I encourage you to read the Crossed Genres post linked above to get a clear picture of what this is all about. This is where I stand. Now it's time for you to decide where you stand.

That is all.

Quickie Movie Reviews (2009): Volume Five

Here we are with another edition of my quickie movie reviews. Since it has been a while since I've done these, and there are new readers seeing this, I want to reiterate what they are about. Any time I watch something that has either been out on DVD for an extended period of time or is no longer in theaters, I do a quickie review rather than a longer review, because, when it comes down to it, nobody really wants a long, drawn-out review for a movie they can pick up for dirt cheap through Netflix or some other service. They want a quick review to get right to the point (is it good or does it blow). That's what this is all about. The only thing that has changed since the last edition is that I now include a brief synopsis.

Without further delay, here we go:

Slipstream (Sean Astin and Vinnie Jones)
A physics genius working on a temporal displacement device for the government decides to test it out in public, but when the device falls into the hands of a bank robber, he has to get it back before it’s too late.
Pros: A great concept with an interesting soundtrack and a superb grasp of low-budget graphics.
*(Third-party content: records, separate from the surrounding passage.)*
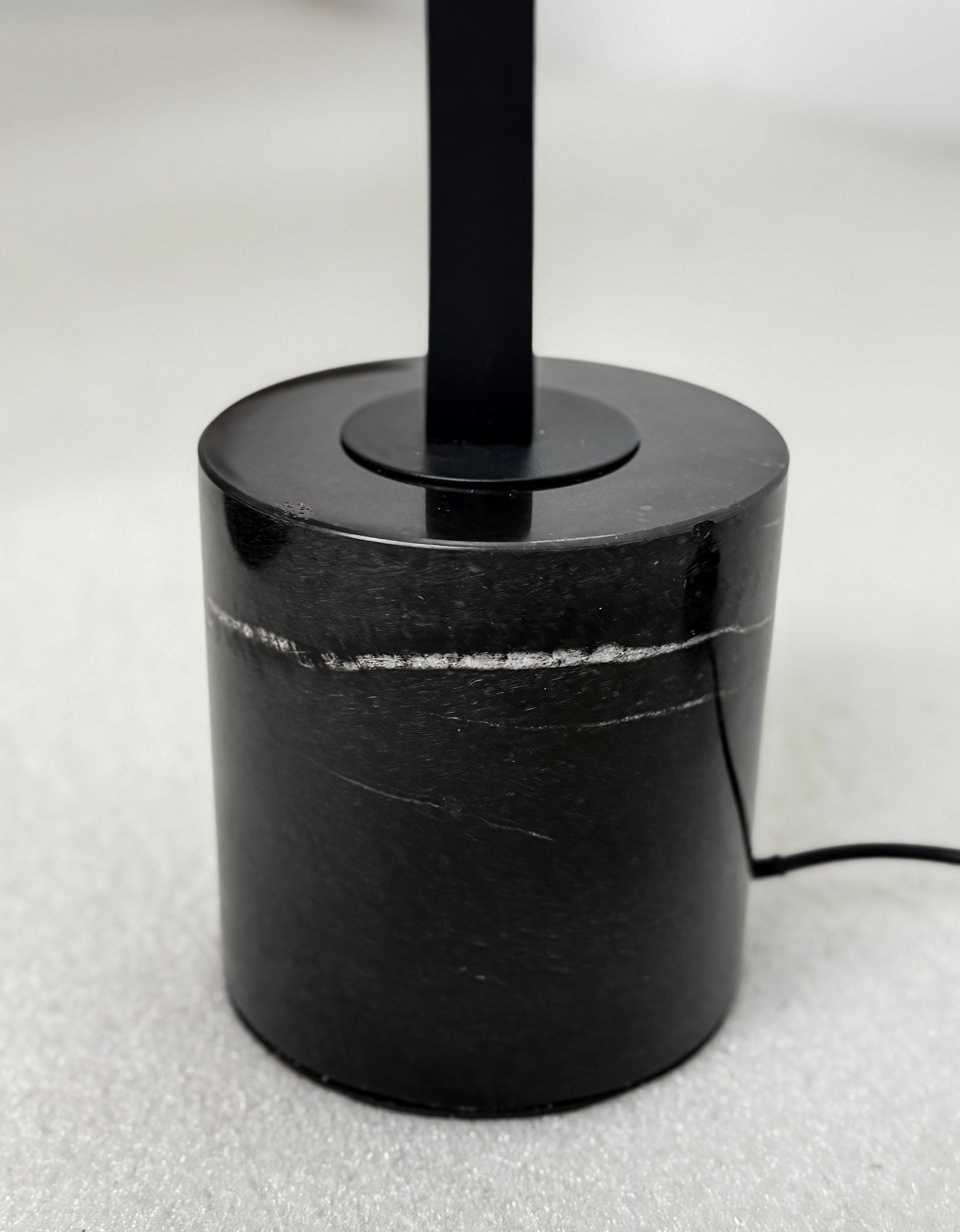 LAMPA PODŁOGOWA PORTIMA CZARNA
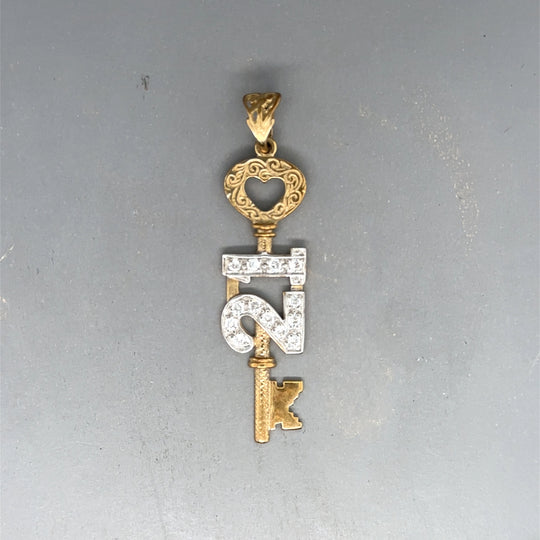 9ct Yellow Gold Cubic Zirconia 21 Key Pendant
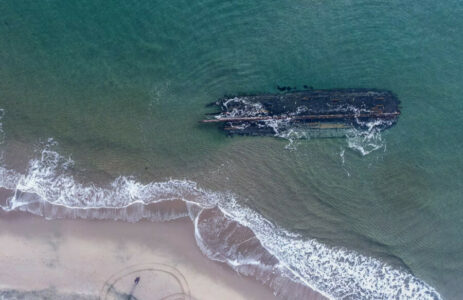 Na obalu Njufaundlenda isplivala tajanstvena olupina broda iz 19. vijeka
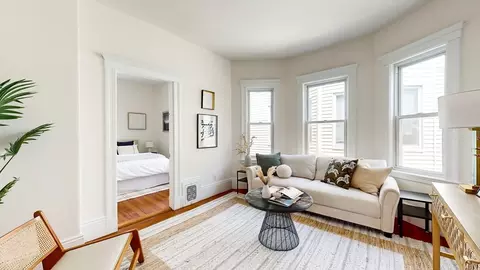 67 Washburn Ave #3, Cambridge, MA 02140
Big filmmakers would do well to pay attention to how this practically unknown film managed to make its concept visually stimulating without resorting to excessive computer graphics.
Cons: The acting is weak; Sean Astin is not at his best here and the rest of the cast either were given poor direction or have issues making their lines feel believable. The plot is, unfortunately, overdone, and any complexity within it feels force.
Rating: 2/5

Howl’s Moving Castle (English Dubbed)
Set in a bizarre steampunk-esque fantasy world, this brilliant animated piece by legendary animation guru Hiyao Miyazaki follows Sophie, a young girl who is transformed into an old woman, on a magical adventure. She joins Howl’s parade of unusual characters and what follows is a unique and powerful love story amidst the growing tensions of a war.
Pros: Beautifully crafted, from in all aspects, with some of the most original and powerful visuals I have seen. The story can be difficult to follow if you are not familiar with Japanese animation styles, but that makes for a deeper, more profound story. The cast is well chosen too, including Billy Crystal as the voice of Calciver!
Cons: Suffers from being too clearly Miyazaki. But for those that love his work, this is a meaningless criticism. Beyond that? Maybe the plot can be difficult to follow, but, as I said before, if you like Miyazaki, you already know what kinds of plots he works with.
Rating: 4.5/5

Porko Rosso (English Dubbed)
Another Miyazaki flick, this tale follows Porko Rosso, a seaplane pilot with the face of a pig, as he combats glory-hungry Americans, idiot pirates, and a wartime Italy bent on locking him up for abandoning them in a time of war.
Pros: The visuals are pretty decent and the story is relatively easy to follow.
Cons: The story lacks depth and no explanation is given for why he is the only one who looks like a pig until fifteen minutes or so into the movie--and even that explanation is rather weak. Other issues include weak characterization, a dragging plot, some poor dubbing, and other issues that come with translation, particularly in films like Miyazaki’s. In my opinion, this is one of the weakest of Miyazaki’s films, if not the worst.
Rating: 2/5

Nausicaä of the Valley of the Wind (English Dubbed)
Based on the manga series of the same name, Nausicaä is an epic science fantasy tale set in a post-apocalyptic Earth. Mankind has largely destroyed the planet, creating an entirely new ecosystem where giant insects and deadly plants devastate human populations wherever they meet. Nausicaä, and her various companions along the way, finds herself caught in the middle of a feud between two human factions and the rage-filled insects that dominate her world.
Pros: Truly an epic story, with some amazing imagery, unique characters, and a brilliant vision. Miyazaki, while not the creator of Nausicaä, certainly tried to capture the stimulating visuals of the manga series to create this story.
Cons: The story itself is very much the hit-you-over-the-head kind in regards to its environmental message. I found it somewhat annoying, but did my best to get past it to enjoy the rest of the movie.
Rating: 3/5

The Fall
An injured stuntman manipulates a young girl with a broken arm into helping him try to commit suicide by telling her a story of adventure and intrigue. But with each passing moment, the story becomes more real, and the line between real and imagined fades. A richly detailed and unforgettably unique movie, The Fall is one of those films we wish had been in theatres everywhere.
Pros: The Fall is absolutely gorgeous, utilizing various locales across the world to create an astonishing array of visual flavors. The story itself is quite powerful, too, which may be something lacking in films of this vein, especially today. It’s not every day that a film can successfully stick together pulp-era adventure with a deep and compelling narrative of depression and the power of imagination.
Cons: It is unclear what sort of style the directors were attempting to create in the relationship between the stuntman and the young girl. Most of her screen time is spent either seemingly ad-libbing or speaking softly with a thick accent, making her difficult to understand. This style of acting clashes heavily with that of the stuntman. Thankfully, it is bearable.
Rating: 3/5

And there you have it. If any of the above movies interest you, go rent them or buy them on DVD! Or not, it's up to you...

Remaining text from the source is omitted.